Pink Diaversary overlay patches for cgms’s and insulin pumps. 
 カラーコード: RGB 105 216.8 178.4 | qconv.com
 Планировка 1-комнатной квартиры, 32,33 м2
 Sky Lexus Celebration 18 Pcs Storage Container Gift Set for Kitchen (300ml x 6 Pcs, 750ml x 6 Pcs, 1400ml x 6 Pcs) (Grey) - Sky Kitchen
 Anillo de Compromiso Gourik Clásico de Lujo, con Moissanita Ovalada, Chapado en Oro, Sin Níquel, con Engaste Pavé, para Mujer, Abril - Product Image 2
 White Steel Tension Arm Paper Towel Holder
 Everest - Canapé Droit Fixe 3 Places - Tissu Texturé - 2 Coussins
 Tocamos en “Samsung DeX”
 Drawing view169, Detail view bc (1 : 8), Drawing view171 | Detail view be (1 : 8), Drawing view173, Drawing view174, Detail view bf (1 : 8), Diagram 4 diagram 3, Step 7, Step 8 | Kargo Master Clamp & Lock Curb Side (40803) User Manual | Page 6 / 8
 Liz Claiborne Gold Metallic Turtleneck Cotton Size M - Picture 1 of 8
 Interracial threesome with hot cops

### [Directions]
Repeat exactly, and only, the run of lines from the start of the material above through the line that holds "Sky Lexus Celebration".

### [Result]
Pink Diaversary overlay patches for cgms’s and insulin pumps. 
 カラーコード: RGB 105 216.8 178.4 | qconv.com
 Планировка 1-комнатной квартиры, 32,33 м2
 Sky Lexus Celebration 18 Pcs Storage Container Gift Set for Kitchen (300ml x 6 Pcs, 750ml x 6 Pcs, 1400ml x 6 Pcs) (Grey) - Sky Kitchen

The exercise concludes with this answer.